Unlike ext_vector though, ext_string is not fully implemented in macros, as we do not need
to handle data of different types.
ext_map is an implementation of a hashmap data structure that can store arbitrary data.
#include "ext_map.h"
typedef struct Entry {
const char* name;
int data;
}
static void hash(const void* entry) {
const Entry* e = entry;
// Generic hashing function, but you can provde your own
return ext_map_hash_bytes(e->name, strlen(e->name));
}
static void compare(const void* entry1, const void* entry2) {
const Entry *e1 = entry, *e2 = entry2;
// `== 0` is important as strcmp will return 0 on equality, which is falsy in c!
return strcmp(e1->name, e2->name) == 0;
}
// Note how in the above functions we return the hash and we compare only the `name` field of the
// Entry struct. This is how we express that the `name` field should be used as the key, whilst the
// others contain the associated data
int main(void) {
printf("\n---- map examples ----\n");
// Create a new map that will contain items of the `Entry` struct
map map;
map_init(&map, sizeof(Entry), hash, compare);
// Set items in the map
// The items are copied in the map on `put`
map_put(&map, &(Entry){.name = "Entry 1", .value = 10});
map_put(&map, &(Entry){.name = "Entry 2", .value = 20});
map_put(&map, &(Entry){.name = "Entry 3", .value = 30});
map_put(&map, &(Entry){.name = "Entry 4", .value = 40});
map_put(&map, &(Entry){.name = "Entry 5", .value = 50});
map_put(&map, &(Entry){.name = "Entry 6", .value = 60});
map_put(&map, &(Entry){.name = "Entry 7", .value = 70});
map_put(&map, &(Entry){.name = "Entry 8", .value = 80});
// Retrieve an item from the map
// Note that we initialize only the `name` field as it is our chosen key in the struct
// On `get` the other fields are not accessed and thus it's fine for them to be default-initialized
const Entry* e2 = map_get(&map, &(Entry){.name = "Entry 2"});
if(e2) { // If the key isn't found `get` will return NULL
printf("'%s' %d\n", e2->name, e2->value);
}
printf("map size: %zu\n", map_size(&map));
// Iterate over all entries using iteator functions
for(const Entry* it = map_begin(&map); it != map_end(&map); it = map_incr(&map, it)) {
printf("'%s' %d\n", it->name, it->value);
}
map_free(&map);
}
ext_map is the data structure implemented in the most classical way of the bunch.
ext_map_init
will initialize a map struct that will store entries of size entry_sz
. All other
functions will take in void*
pointers to the entries, and for this reason its functions are not
type-safe like the ones of ext_vector.
ext_map_init
also takes in two function pointers, hash
and compare
, that will be used to
compute the hash of the keys and to compare them respectively. See the example above for a simple
example of how to implement these functions.
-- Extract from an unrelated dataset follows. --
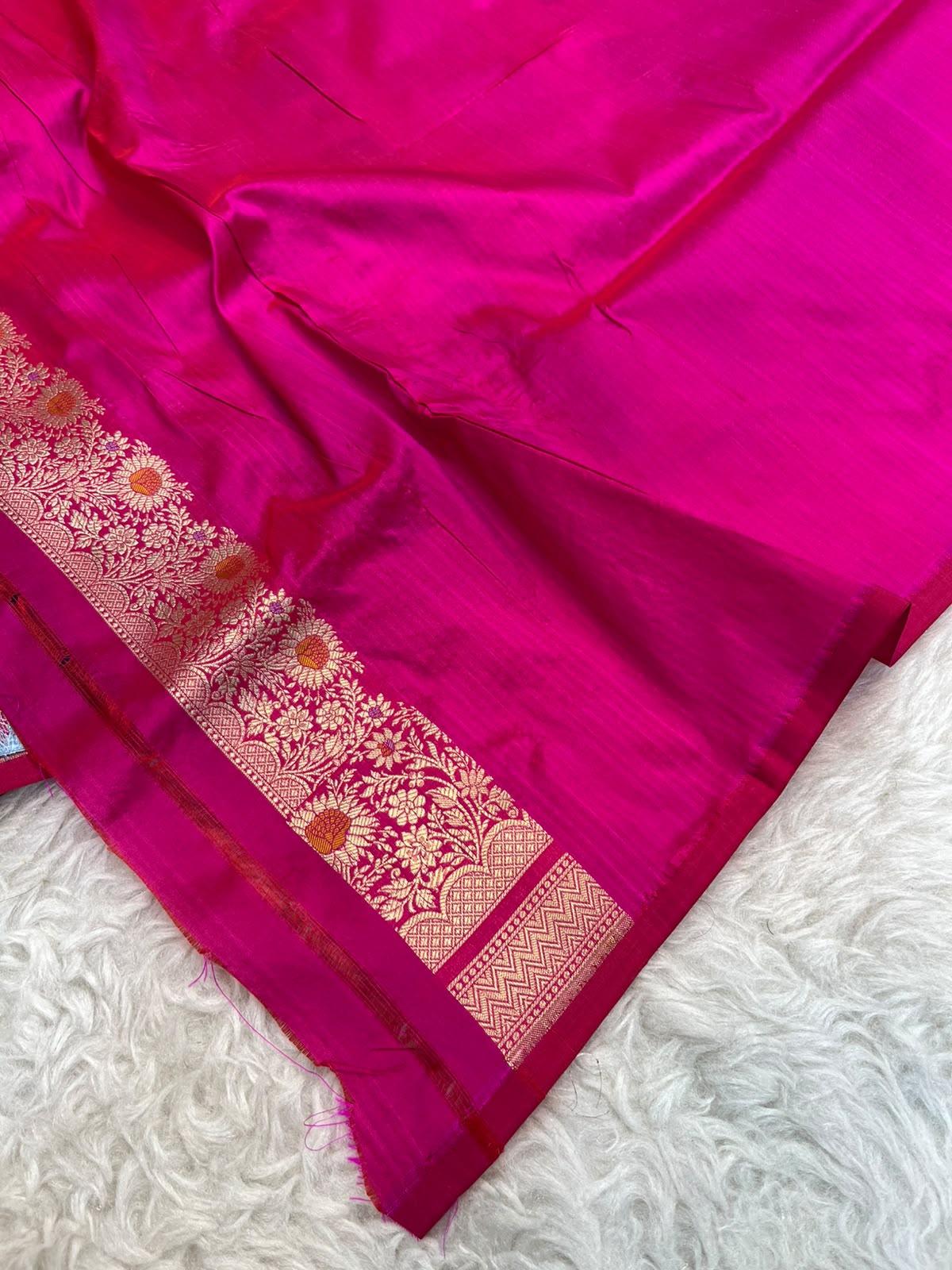 Multihued Pure Katan Silk Banarasi Rangkat Saree with Scallop Scale Brocade Pallu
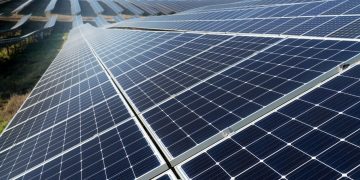 Produção de energia solar avança no país e reforça crescimento das fontes renováveis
As for the flavour of hashtable implemented, it is an open-adressing hash map with linear probing. The implementation will keep track of two parallel arrays, one for entries and one for buckets. The first one is used to store the data provided on put, and the second to cache its hash and to keep track of tombstones. The map will grow when its fill ratio (including tombstones) reaches a certain percentage (75%). This makes the map really efficient to iterate over, as all the data is kept in a contiguous array in memory (even though there might be holes caused by tombstones and hashing).
the ext_assert.h
headers contains macros for better debug assertions and unreachable code.
ASSERT
will print the file, line, function and a custom message if the condition is not satisfied,
and then abort
s the program.
UNREACHABLE
will do the same thing when executed, useful to check that a logically unreachable
piece of code is actually never reached during execution.
When compiling in release mode (i.e. with -DNDEBUG
), the ASSERT
macro will be elided, and the
UNREACHABLE
macro will be replaced with a __builtin_unreachable()
call, which will hint the
compiler that the code is unreachable.
An additional macro called UNUSED
is provided to hint the compiler that a given varible is not
actually used in the program. This is useful when a variable is only used in assertions which, when
elided on release builds, leave the variable unused prompting the compiler to issue a warning.